It’s mid-morning and the sun is blazing. It is so hot that germinating seeds struggle to grow.
In Moi Ndabi, about 44km south of Kenya’s Lake Naivasha in Nakuru County, the vegetation dotted sparingly across the village has turned yellow.
More than 100 people have lined up at the Moi Ndabi borehole to wait their turn to fetch water sold at five Kenyan shillings ($0.05) per 20-litre jerry can.
But about 12km away from the water point in this region of the Rift Valley two greenhouses of different sizes stand adjacent to the homestead of Zainabu Malicha. By the end of March, she hopes to have pocketed at least 1.2m shillings ($13 100) from the sale of the tomatoes she grows there.
For the widow who is now solely responsible for the care of her five children, this venture into agribusiness has transformed her life, which for much of the last two decades has been dominated by hunger, poverty and malnutrition.
“Living in this semi-arid area [used to mean] no viable farming activity,” she says.
Malicha’s business venture relies on a simple water-harvesting technology: a water pan. Constructing the pan – a circular container 20m across – involves digging a dam and covering it with a dam liner. The pan then stores the runoff water during the heavy rains. Once full, it can provide enough water for Malicha for up to four months until the next rainy season.
“Before 2011, when the water pan was constructed, life was hard. Extremely hard. Maize would fail due to [the] scorching sun. Vegetables withered every so often. Going to sleep hungry was common,” Malicha says.
Having made 600 000 shillings ($6 500) from produce grown in the smaller greenhouse, Malicha used the proceeds to set up the bigger one. “I have so much joy now because I can comfortably feed my children with [a] balanced diet and meet the education expenses,” she says.
A few miles from her homestead, Florence Muthoni is also enjoying the fruits of the water reservoir.
Having access to a greenhouse has enabled her to grow watermelons, a crop she once attempted and failed to grow on her hectare (2.5 acres) of land.
“After two months, I harvest and make 135 000 shillings ($1 475). This is good enough to pay for my two sons on parallel programmes in local universities,” says the widow, who has lived in the area since 1992.
On a separate half-hectare of land she has also grown vegetables, some bananas and sugarcane, made possible through using water pans.
“I plan to buy a plot and then rear two Friesian cows. This could raise my profits, and when I finally become old, my children would take over,” she says.
Having the water pan, Muthoni says, has emancipated her from hunger and “opened up her mind to hope for great things” not just for herself but for other women in the village.
Muthoni and Malicha now lead a group of 286 women who form the Chemi Chemi ya Tumaini Jangwani Women Group (Springs of Hope in the Desert Women Group) as chair and secretary respectively.

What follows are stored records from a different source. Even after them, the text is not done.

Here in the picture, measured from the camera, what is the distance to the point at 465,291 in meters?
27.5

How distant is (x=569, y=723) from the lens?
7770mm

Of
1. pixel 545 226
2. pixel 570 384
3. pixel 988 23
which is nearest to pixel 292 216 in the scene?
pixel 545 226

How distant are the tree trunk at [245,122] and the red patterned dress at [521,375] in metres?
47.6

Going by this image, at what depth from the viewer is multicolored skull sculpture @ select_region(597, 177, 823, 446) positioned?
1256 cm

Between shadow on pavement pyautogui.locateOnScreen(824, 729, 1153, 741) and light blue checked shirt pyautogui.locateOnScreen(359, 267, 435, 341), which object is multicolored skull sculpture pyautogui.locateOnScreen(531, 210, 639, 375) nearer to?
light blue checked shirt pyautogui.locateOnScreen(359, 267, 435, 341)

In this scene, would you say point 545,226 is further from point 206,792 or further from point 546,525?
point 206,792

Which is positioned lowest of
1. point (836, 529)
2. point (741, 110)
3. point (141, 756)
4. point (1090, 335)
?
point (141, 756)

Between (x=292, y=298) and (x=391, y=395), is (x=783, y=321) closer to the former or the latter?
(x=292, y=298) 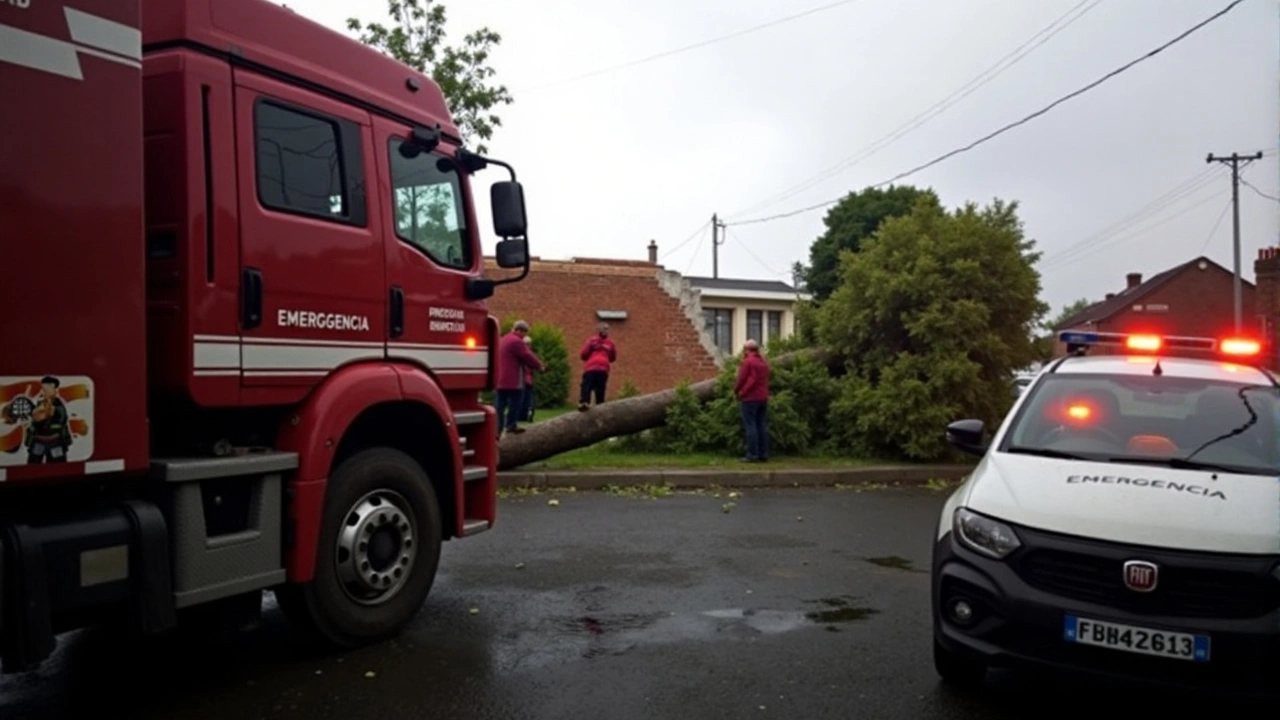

Even though the water pans led to solutions to the problems of food scarcity and related health issues, their construction was possible only with the assistance of an NGO.
Muthoni says the NGO spent 20m shillings ($200 000) on setting up 50 water pans in the area for the women to irrigate their farms. The amount includes the 560 000 shillings used for their smaller greenhouses.
“We hear the government has loans for women, but how to get them is what we do not know. If it wasn’t for the NGO, we could still be suffering in hunger,” says Muthoni. “We need people to reach out to us in the villages and give us a sense of direction, just like non-governmental organisations do.”
The Kenya Institute of Economic Affairs report (2014), Public Spending in Agriculture in Kenya: Is It Beneficial to Small Scale Women Farmers? (pdf), notes the increasing importance of NGOs as a source of credit to farmers in the country. Although women are the backbone of the agricultural sector, the report showed that many of them had not benefited from agricultural credit.
Worryingly, the lack of gender-disaggregated information on credit beneficiaries continues to hamper balanced distribution of available resources, it says. Despite the creation of government funds specifically for women, only a few have benefited from them. Women make up more than half of Kenya’s population of 44 million.
Through community groups, women can access money from the Women Enterprise Fund , established in 2007, and the Uwezo Fund , launched in 2013. So far 707 435 women have received funding from the WEF while 274 857 have been trained in business management skills, according to statistics from the Ministry of Devolution and Planning.